Menteri Koordinator Bidang Perekonomian Airlangga Hartarto membantah kabar bahwa penerapan tarif pajak hiburan khusus sebesar 40%-75% telah dibatalkan dan kembali seperti sebelum berlakunya UU HKPD. Dia mengungkapkan hal tersebut setelah bertemu dengan pelaku usaha hiburan yang terdampak tarif itu di kantornya, Jakarta, Senin (22/1/2024).
Airlangga menyatakan bahwa tarif yang ditetapkan dalam Undang-Undang Nomor 1 Tahun 2022 tentang Hubungan Keuangan antara Pemerintah Pusat dan Pemerintah Daerah (UU HKPD) masih berlaku sampai saat ini, namun dapat dikurangi melalui insentif fiskal di daerah, bergantung pada ketetapan yang diatur oleh pemerintah daerah masing-masing.
Ia menekankan bahwa tarif pajak hiburan khusus untuk diskotek, karaoke, kelab malam, bar, dan mandi uap/spa, yang termasuk dalam pajak dan jasa tertentu (PBJT), hanya bergantung pada insentif yang diberikan oleh daerah, sesuai dengan Pasal 101 UU HKPD. Keputusannya pun tergantung pada diskresi dari pemerintah daerah.
Airlangga juga menegaskan bahwa dalam Surat Edaran (SE) Menteri Salam Negeri Nomor 900.1.13.1/403/SJ juga hanya menegaskan terkait insentif. Oleh karena itu, tidak ada perubahan besaran tarif yang memberi ruang kembali seperti yang diterapkan dalam UU PDRD.
Ketua Gabungan Industri Pariwisata Indonesia (GIPI) Hariyadi Sukamdani mengatakan bahwa pemerintah pusat telah meminta pemda untuk menagihkan tarif pajak hiburan khusus yang tergolong Pajak Barang dan Jasa Tertentu (PBJT) sesuai dengan tarif lama yang selama ini ditagihkan masing-masing pemda kepada pengusaha.
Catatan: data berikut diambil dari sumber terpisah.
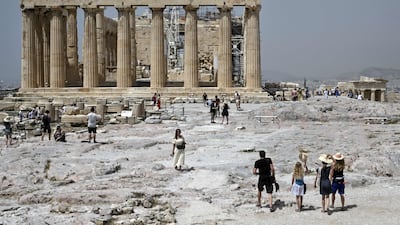 Tourists have started trickling in to the ancient Acropolis archeological site in Athens this month. AFP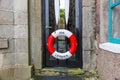 Lifebuoy on a black fishman house door in Lerwick Shetland Island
Di akhir pertemuan, Hariyadi memastikan bahwa SE ini sudah cukup bagi pemda untuk menetapkan tarif pajak hiburan yang lama, sesuai dengan yang sebelumnya ditetapkan melalui UU Pajak Daerah dan Retribusi Daerah (PDRD). Oleh karena itu, kepala daerah diminta untuk mematuhi kebijakan yang telah ditetapkan dalam SE Mendagri, tanpa mencari acuan hukum dari kementerian lain.